Paris Match. Le film évoque les hauts et les bas de votre carrière. Comment réussit-on à prendre autant de distance avec soi-même ?

Nicolas Cage. Il n’y a aucun ego là-dedans. Je devais me mettre à nu tout en faisant attention à me protéger moi-même. Ne pas tomber dans l’exagération ou la caricature. Le Nick Cage du film reste digne même s’il porte cette carrière pour le moins étonnante qui est la mienne. Et Tom Gormican, le réalisateur, m’a beaucoup aidé à garder une certaine mesure.

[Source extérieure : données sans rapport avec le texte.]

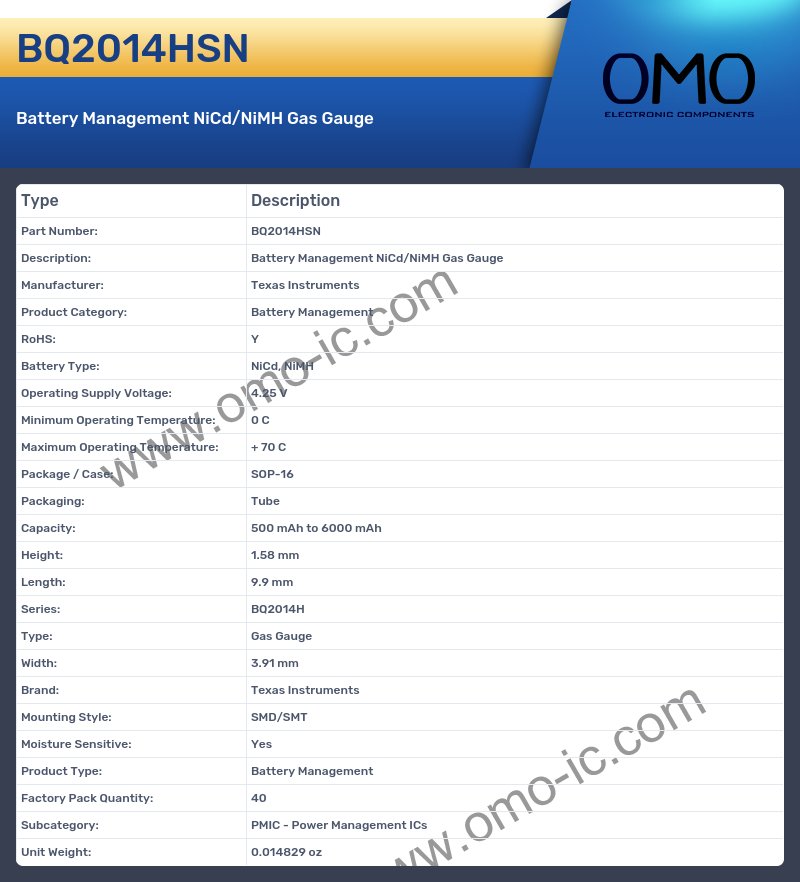 BQ2014HSN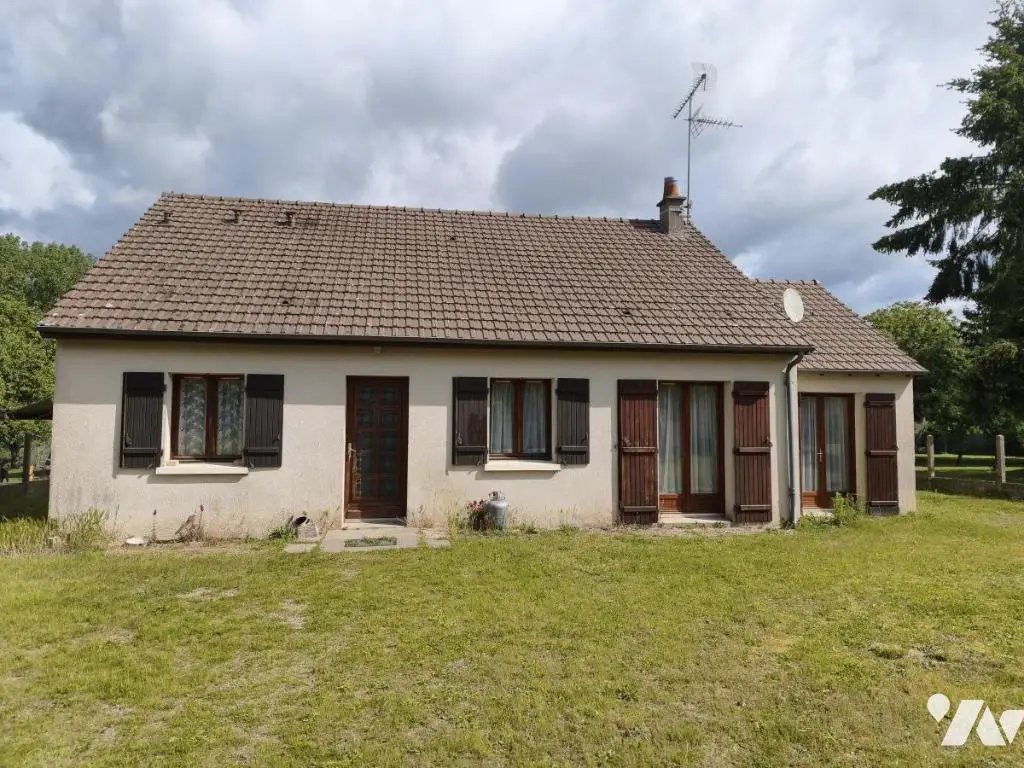Maison à vendre, 4m², Rivarennes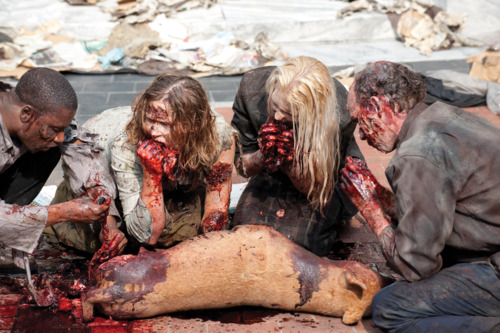 The Walking Dead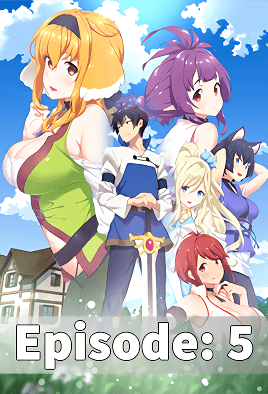 Isekai Meikyuu De Harem Wo 5: Chàng Trai Xuyên Không Và Harem Mê Hoặc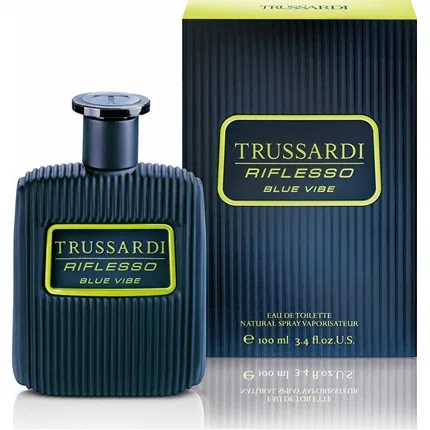 Туалетная вода Trussardi Riflesso Blue Vibe, 30 мл
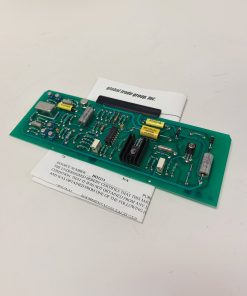 801GC01Y01 PC Board from Dassault Falcon Jet Aircraft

Vous y avez pris du plaisir?

J’ai eu peur de me lancer dans ce projet assez fou. En même temps, après plus de quarante-trois ans de carrière, j’ai compris que l’appréhension est bonne conseillère car, au final, elle vous fait progresser. Ce Nick Cage n’est pas le mec génial que je croyais être. [Il rit.] C’est l’expérience la plus vertigineuse que j’aie connue. (…)

“Un talent en or massif” évoque aussi la vanité de Hollywood. Comment peut-on faire carrière dans un environnement si superficiel?

On fait avec… J’en suis un exemple criant. J’ai connu la gloire, les grands auteurs, les Oscars, les blockbusters, et puis, à partir de 2009, la tendance a commencé à s’inverser. On vous a trop vu, vous faites de mauvais choix et la descente commence. A un moment la vanité de l’industrie du cinéma m’est devenue insupportable. Je n’arrivais plus vraiment à assumer mon statut de star. Les couvertures de magazines, la cérémonie des Oscars, les talk-shows où vous devez vous montrer et faire le clown… C’était une période où j’ai commencé à me nourrir d’autres choses. J’ai lu de grands auteurs, je me suis ouvert à la méditation, et la vie de célébrité devenait totalement antinomique avec ce que je voulais. Même après avoir connu trois échecs consécutifs au box-office, on me proposait encore de gros projets. Mais je n’en pouvais plus de ce système. L’envie n’était plus là. Aujourd’hui, elle est revenue.